Gazete Emek-Diyarbakır'daki sivil toplum örgütleri Kırklar Dağı'na yapılacak "Devlet Bahçeli Hatıra Ormanı"na ilişkin basın açıklaması düzenledi. Açıklamada, Devlet Bahçeli'nin isminin Diyarbakır’da bir yere verilmesinin Kürt halkına yönelik saygısızlık ve hakaret olduğu belirtilerek, "Karardan vazgeçin" denildi.

Kentte bulunan kültür ve sanat kurumları başta olmak üzere Sivil Toplum Kuruluşları (STK) ve demokratik kitle örgütleri Kırklar Dağı’na Devlet Bahçeli’nin isminin verilmesini ilişkin tarihi Ongözlü Köprü'de basın açıklaması gerçekleştirdi.

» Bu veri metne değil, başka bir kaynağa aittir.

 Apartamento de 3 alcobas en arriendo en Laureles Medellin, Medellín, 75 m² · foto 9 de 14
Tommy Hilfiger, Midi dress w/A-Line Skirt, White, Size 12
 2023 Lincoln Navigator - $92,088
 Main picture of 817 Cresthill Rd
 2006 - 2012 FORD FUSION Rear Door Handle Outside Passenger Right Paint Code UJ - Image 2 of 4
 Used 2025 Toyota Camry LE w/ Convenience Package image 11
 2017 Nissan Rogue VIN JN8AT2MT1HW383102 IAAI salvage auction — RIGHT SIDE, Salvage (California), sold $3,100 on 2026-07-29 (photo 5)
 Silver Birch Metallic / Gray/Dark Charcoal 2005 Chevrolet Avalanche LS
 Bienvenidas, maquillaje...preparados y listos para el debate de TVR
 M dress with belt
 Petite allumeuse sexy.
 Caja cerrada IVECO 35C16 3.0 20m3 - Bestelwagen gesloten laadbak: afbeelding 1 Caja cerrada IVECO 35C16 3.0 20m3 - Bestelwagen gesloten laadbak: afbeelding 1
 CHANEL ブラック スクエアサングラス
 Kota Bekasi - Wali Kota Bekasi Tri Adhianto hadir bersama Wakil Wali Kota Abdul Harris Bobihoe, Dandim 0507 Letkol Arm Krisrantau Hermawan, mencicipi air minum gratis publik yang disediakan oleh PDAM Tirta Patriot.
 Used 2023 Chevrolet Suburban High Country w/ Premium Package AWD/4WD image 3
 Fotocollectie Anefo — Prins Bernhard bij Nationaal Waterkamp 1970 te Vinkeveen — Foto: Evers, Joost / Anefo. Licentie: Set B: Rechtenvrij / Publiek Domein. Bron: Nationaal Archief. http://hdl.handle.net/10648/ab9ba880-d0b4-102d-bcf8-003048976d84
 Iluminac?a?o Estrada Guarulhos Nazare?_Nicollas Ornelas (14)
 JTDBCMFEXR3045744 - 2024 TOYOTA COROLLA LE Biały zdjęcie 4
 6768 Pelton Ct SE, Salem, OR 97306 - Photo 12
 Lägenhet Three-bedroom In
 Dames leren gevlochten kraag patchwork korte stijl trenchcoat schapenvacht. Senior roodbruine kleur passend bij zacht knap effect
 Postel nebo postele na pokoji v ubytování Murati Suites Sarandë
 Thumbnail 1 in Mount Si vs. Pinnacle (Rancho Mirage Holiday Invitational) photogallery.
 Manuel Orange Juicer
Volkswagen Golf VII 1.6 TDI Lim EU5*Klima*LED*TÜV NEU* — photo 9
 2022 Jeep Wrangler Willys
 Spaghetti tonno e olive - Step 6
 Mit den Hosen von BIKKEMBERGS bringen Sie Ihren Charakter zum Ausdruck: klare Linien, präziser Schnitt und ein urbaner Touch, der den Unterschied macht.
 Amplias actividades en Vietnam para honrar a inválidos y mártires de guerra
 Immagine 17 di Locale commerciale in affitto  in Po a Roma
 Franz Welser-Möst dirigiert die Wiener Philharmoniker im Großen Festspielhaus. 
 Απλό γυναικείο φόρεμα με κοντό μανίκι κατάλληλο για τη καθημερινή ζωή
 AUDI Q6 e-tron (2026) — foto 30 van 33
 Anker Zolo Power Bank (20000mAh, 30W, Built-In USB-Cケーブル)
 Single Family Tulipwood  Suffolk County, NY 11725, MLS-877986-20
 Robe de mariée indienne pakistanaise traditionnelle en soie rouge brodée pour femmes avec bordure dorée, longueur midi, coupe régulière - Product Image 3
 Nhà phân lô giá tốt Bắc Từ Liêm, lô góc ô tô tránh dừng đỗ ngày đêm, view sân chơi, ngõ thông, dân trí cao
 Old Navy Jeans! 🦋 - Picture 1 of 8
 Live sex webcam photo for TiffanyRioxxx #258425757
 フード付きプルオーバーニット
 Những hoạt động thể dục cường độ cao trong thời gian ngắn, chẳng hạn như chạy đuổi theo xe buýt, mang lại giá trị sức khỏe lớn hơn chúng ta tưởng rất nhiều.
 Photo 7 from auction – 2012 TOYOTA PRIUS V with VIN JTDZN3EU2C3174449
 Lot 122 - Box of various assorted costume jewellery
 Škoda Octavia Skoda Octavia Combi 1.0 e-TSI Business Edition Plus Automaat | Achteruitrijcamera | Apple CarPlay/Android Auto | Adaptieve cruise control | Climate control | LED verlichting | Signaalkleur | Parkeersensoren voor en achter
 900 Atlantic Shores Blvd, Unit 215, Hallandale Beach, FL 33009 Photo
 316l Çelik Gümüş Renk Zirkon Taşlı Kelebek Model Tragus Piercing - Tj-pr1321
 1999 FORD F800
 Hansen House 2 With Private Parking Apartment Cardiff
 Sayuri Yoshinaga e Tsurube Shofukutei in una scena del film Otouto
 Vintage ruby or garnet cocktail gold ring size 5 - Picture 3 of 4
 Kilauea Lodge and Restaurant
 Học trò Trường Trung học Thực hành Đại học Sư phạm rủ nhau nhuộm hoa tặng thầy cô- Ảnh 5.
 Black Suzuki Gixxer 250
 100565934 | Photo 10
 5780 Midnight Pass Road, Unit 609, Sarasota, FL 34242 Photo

Açıklamaya Demokratik Bölgeler Partisi (DBP), Halkların Demokratik Partisi (HDP), Dicle Sanat ve Kültür Derneği'nin yanı sıra birçok kürüm ve kuruluş katıldı. Açıklamadan önce kitle Kürtçe şarkılar eşliğinde halay çekti. Sık sık "Amed faşizme mezar olacak" sloganları atıldı.

“KÜRTLERE YÖNELİK KIRIM POLİTİKALARI ARALIKSIZ SÜRÜYOR"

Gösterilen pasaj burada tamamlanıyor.